We will test the hypothesis that a high flood risk score is a strong predictor for the difference in the rate of property value change by building an ML model, and then applying various model explainability tools to it, such as feature importance, and SHAP.

Feature Importance of the best trained XGBOOST pipeline, using EvalML AutoML library. image by author
Feature Importance of the best trained XGBOOST pipeline, using EvalML AutoML library. image by author

All of the code and data used for this blog are available on github, here.

Gathering The Data

In addition to standard real-estate features like bedrooms, bathrooms, area, etc., the data also includes:

  • 3 images per property (also contained in the Github repo)
  • 2 published flood risk ratings, one from FEMA, and one from First Street’s Flood Score
  • Each property is/was listed for sale with a published asking price on realtor.com, as of the 3rd week in February, 2021 (last week)
  • Each property is appended with the closest matching Zillow Home Value Index ZHVI (aggregated and merged on Zipcode + number of bedrooms), resulting in a monthly time-series index price of nearby homes, dating back to 1996
  • Additionally, many other public datasets, such as the relevant area Census data demographics, were appended for each property

This dataset includes records of over 1600 south Florida real estate properties, each with over 650 columns, and includes flood risk information, demographic information, listing images, listing descriptions, how long the property has been listed, sales history, and lots of other related information.

Load the Property Data

We need to clean up the raw data before we can build our model.
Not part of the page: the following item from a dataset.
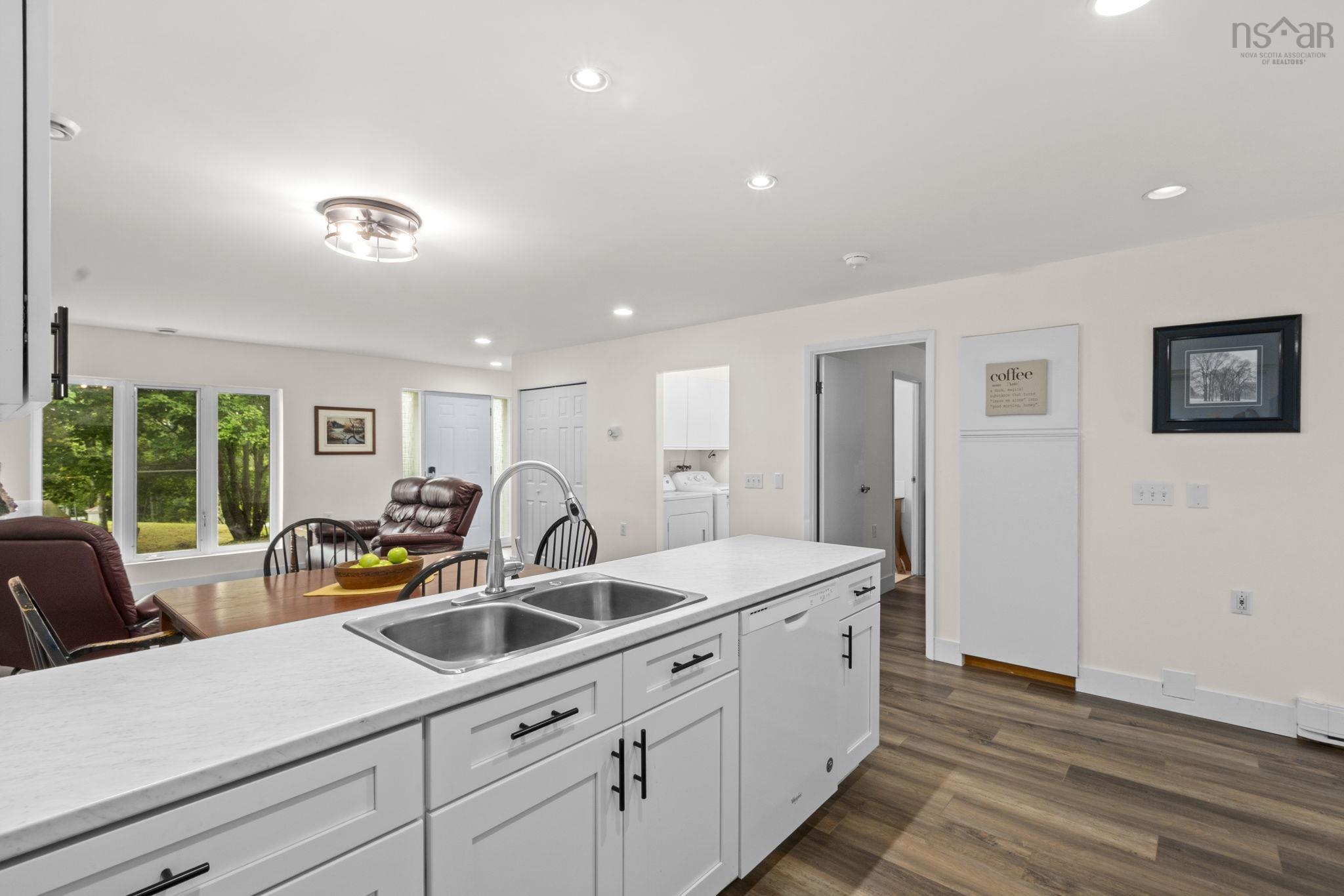 $725,000.00: 31-33 Birch Grove, Upper Tantallon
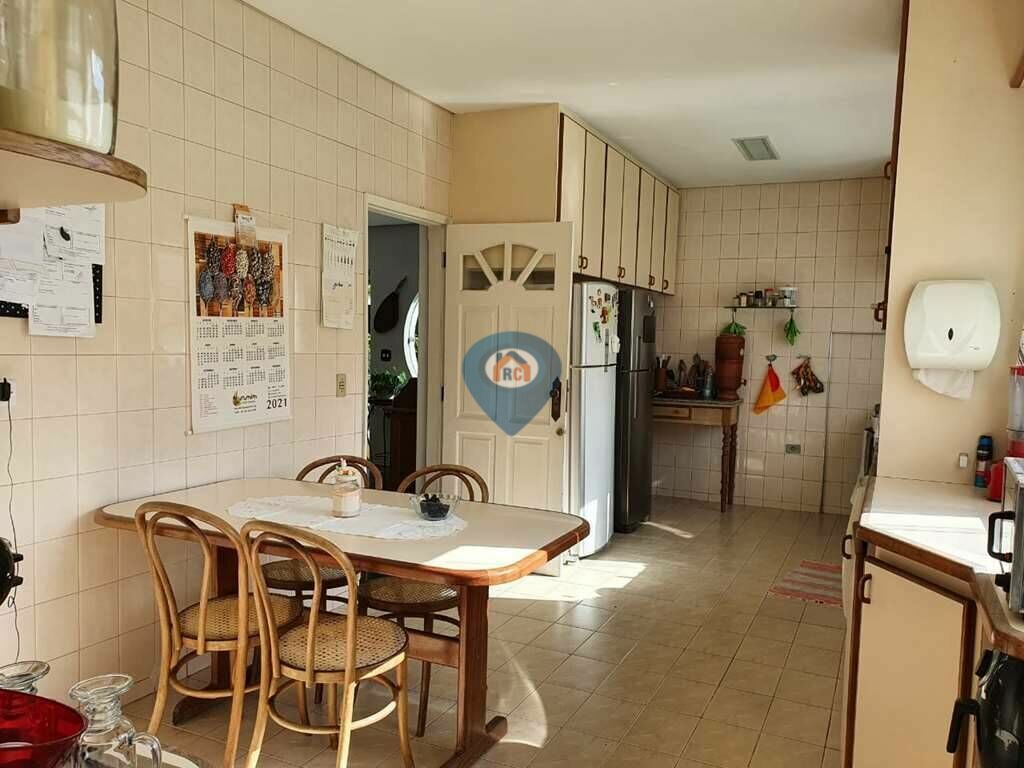 Casa de Condomínio à venda com 3 quartos, 320m² - Foto 10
Because it’s time-consuming to clean-up everything, we’ll do a "quick-pass" here, but there will be additional data that could be cleaned in order to obtain more training data. Please feel free to do this and provide a link!

import pandas as pd
import evalml
from evalml.preprocessing import load_data
property_data = pd.read_csv('../data/raw/property.csv').reset_index()

Load the Demographic Data

Geocodio provides a few data sets we can easily append to our property data, for additional studies and usage:

  • The US Census Bureau
  • Local city, county, and state datasets from OpenAddresses
  • OpenStreetMap
  • GeoNames
  • CanVecPlus by Natural Resources Canada
  • StatCan
  • Legislator information from the UnitedStates project on GitHub
demographics_data = pd.read_csv('../data/raw/demographics.csv', low_memory=False).reset_index()

Merge the Data

The data has been presorted, and reindexed, therefore we can simply merge on the index id.

merged = pd.merge(property_data, demographics_data, on='index')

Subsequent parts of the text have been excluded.